If the application provides a specific prompt, annotate it line by line. Circle every verb: describe, explain, discuss, reflect. Underline every noun that signals what content matters: financial need, goals, education, community, leadership, persistence, or field of study. Then build your essay so each paragraph clearly responds to one part of that language.

A strong scholarship essay usually leaves the reader with a simple conclusion: this student has used responsibility well, understands why college matters now, and will make serious use of support. Keep that takeaway in mind as you choose material.

Brainstorm Across Four Material Buckets

Most weak drafts fail before the first sentence because the writer has not gathered enough usable material. Do that work first. Create four lists and force yourself to be specific.

1. Background: what shaped you

This is not your full life story. It is the set of circumstances, influences, or turning points that help a reader understand your perspective. Useful material might include family responsibilities, work during school, a community challenge, a transfer path, a return to education, or a moment that clarified what you value.

  • What environment shaped your habits or priorities?
  • What obstacle or responsibility changed how you approach school?
  • What moment made education feel urgent, practical, or transformative?

Choose details that explain your perspective, not details that merely seek sympathy. The point is not to present yourself as a victim. The point is to show how context shaped judgment, discipline, and direction.

2. Achievements: what you have done

List actions with evidence. Think in terms of responsibility, initiative, and outcome. Include academics, employment, caregiving, military service, campus involvement, technical projects, or community work if they show commitment and follow-through.

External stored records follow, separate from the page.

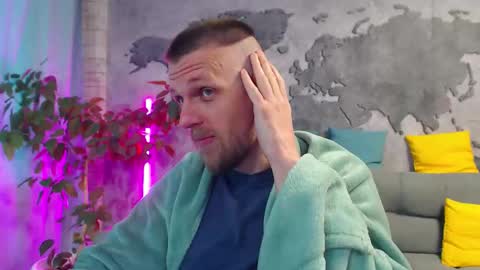 vikingchrisss online show from May 2026 10:11:02 AM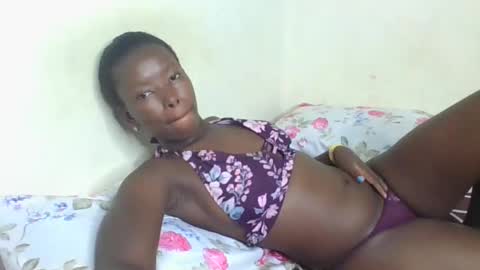 Snapshot of lustrousnerd chatting on 02-13-25, 01:29 Noreh online show from 02-13-25, 01:29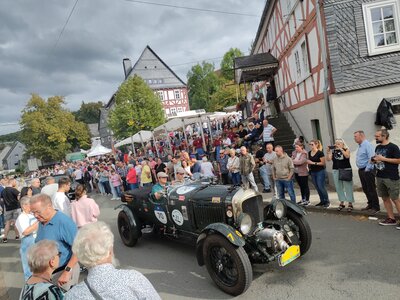Bild vergr��ern: Zieleinfahrt der 17. Siegerland Classic auf dem Vogteifest.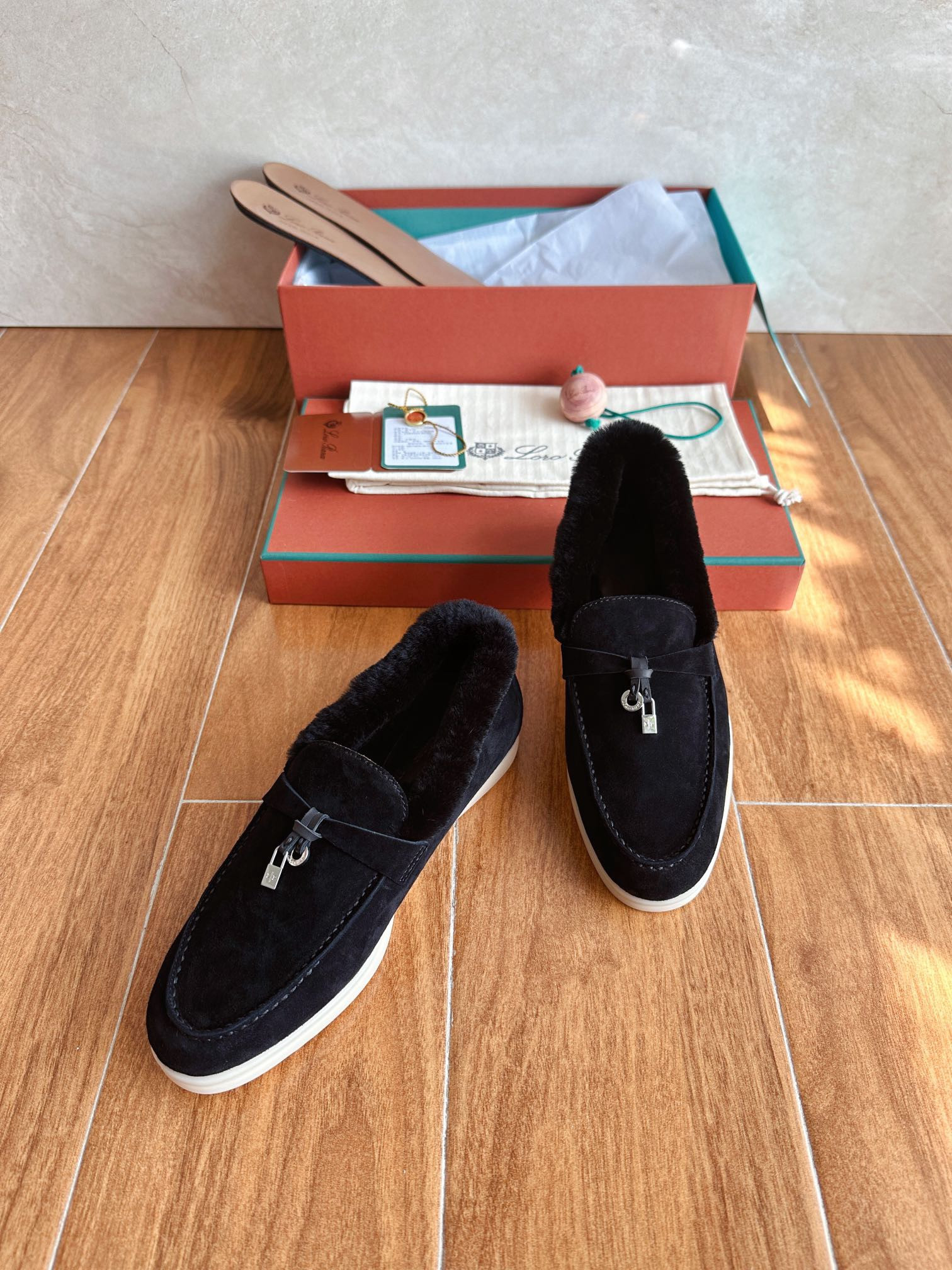 UA L0r0 P1ana Summer Charms Walk Loafers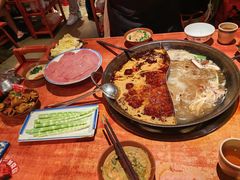 -周小明火锅(黑金冠社区店)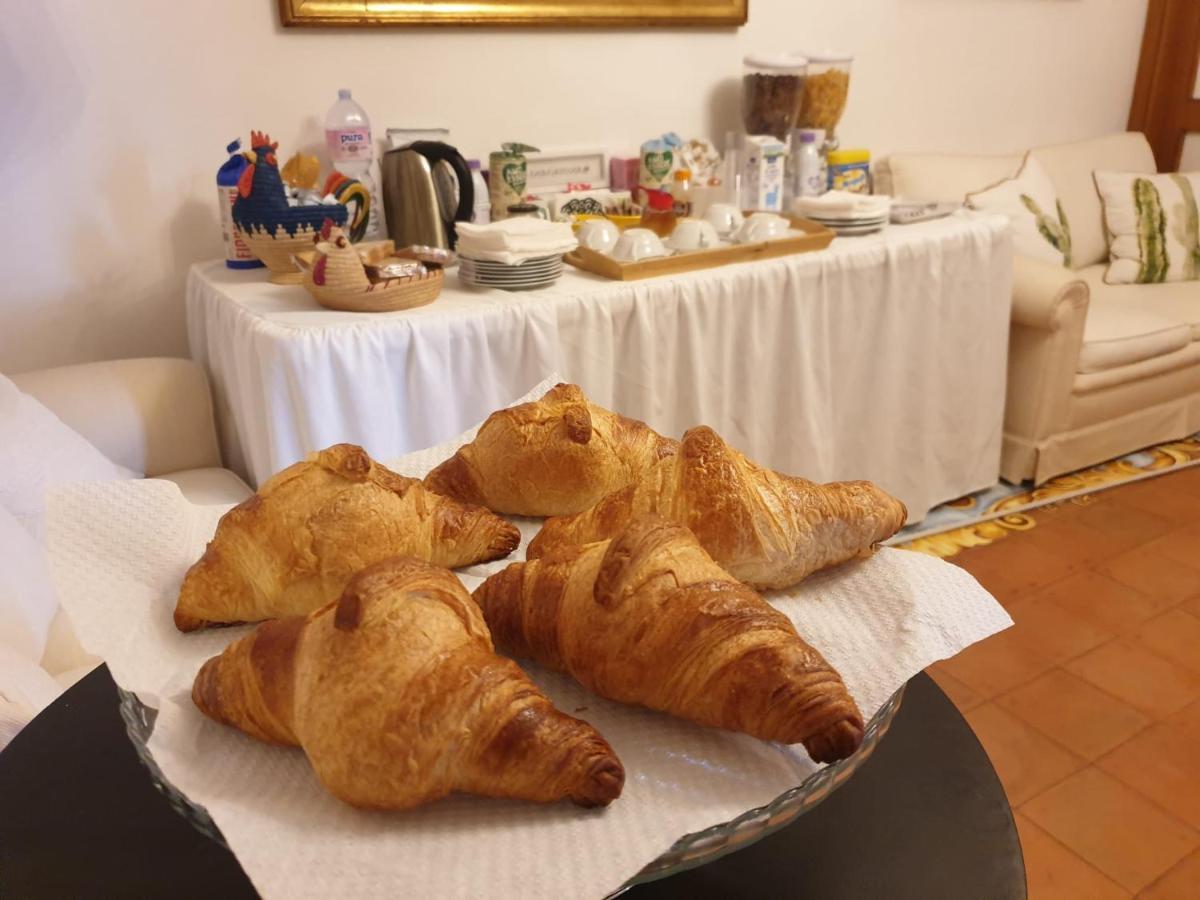 Hotel La Terrazza Di Anna Sassari Exteriér fotografie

  • What did you improve, build, organize, solve, or complete?
  • How many hours, people, projects, or dollars were involved, if you can state that honestly?
  • What changed because you acted?

Even small-scale achievements can be persuasive when they show accountability. A reader will remember a student who redesigned a process at work, tutored three classmates weekly, or balanced a full course load with a job more than a student who only claims to be motivated.

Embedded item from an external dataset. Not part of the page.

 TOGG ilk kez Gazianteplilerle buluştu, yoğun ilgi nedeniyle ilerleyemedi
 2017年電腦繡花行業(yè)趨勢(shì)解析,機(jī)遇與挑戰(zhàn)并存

3. The gap: why support and further study fit now

This is the missing piece between your current position and your next stage. Be concrete. Do you need training, credentials, coursework, time, or financial flexibility to move toward a defined goal? Explain the gap clearly enough that the scholarship feels like a practical bridge, not a vague reward.

  • What can you do now?
  • What can you not yet do without more education or support?
  • Why is this the right time to continue at Johnson County Community College?

Be careful here: need alone is rarely enough. Pair need with a plan.

4. Personality: what makes the essay human

This is where voice matters. Add details that reveal how you think, not just what you have done. Maybe you notice patterns, stay calm under pressure, ask better questions after setbacks, or find purpose in practical service. Personality often appears in a small detail: the shift you worked before class, the spreadsheet you built to track family expenses, the lab problem you kept revisiting after others moved on.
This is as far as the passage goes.